Only a few short weeks ago, Geoff Papi-Watson had never been outside Australia. So it was pretty surreal when he found himself running through the streets of Sao Kitara Del Sol with the Olympic torch, as crowds of Brazilians cheered him on.
“There were people taking photos everywhere and cheering, even people running with me which was quite cool,” said Geoff. “It felt great.”
The Hobart teenager found himself in the privileged position of Official Olympic Torchbearer thanks to his volunteer work for The Happiness Cycle.
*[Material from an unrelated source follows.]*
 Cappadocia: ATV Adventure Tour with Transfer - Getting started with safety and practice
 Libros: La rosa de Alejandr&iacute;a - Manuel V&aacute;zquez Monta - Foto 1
As a thank you for Geoff’s community work, Olympic Games sponsor Coca‑Cola flew Geoff and his dad to Brazil for the event.
“The roads, buildings and people are pretty different,” Geoff said of the three days he spent touring Sao Paolo, Brazil’s largest city, before his run. “It’s a far cry from Hobart,” he exclaimed.
It’s a tough call to say whether dancing or soccer is Brazil’s favourite national pastime, so Geoff took the opportunity to check out both. First up, he danced with locals to Brazilian band Meninos do Morumbi.
“It was absolutely excellent,” Geoff said. “We all got involved in the playing and dancing, and the drums were great.”
Geoff and his dad also visited the local soccer stadium. “It was big,” Geoff laughed. “The closest one to home I’ve always thought was pretty big, but looking at this one in Sao Paulo, it was absolutely gigantic!”
But it all paled in comparison to Geoff’s run with the torch.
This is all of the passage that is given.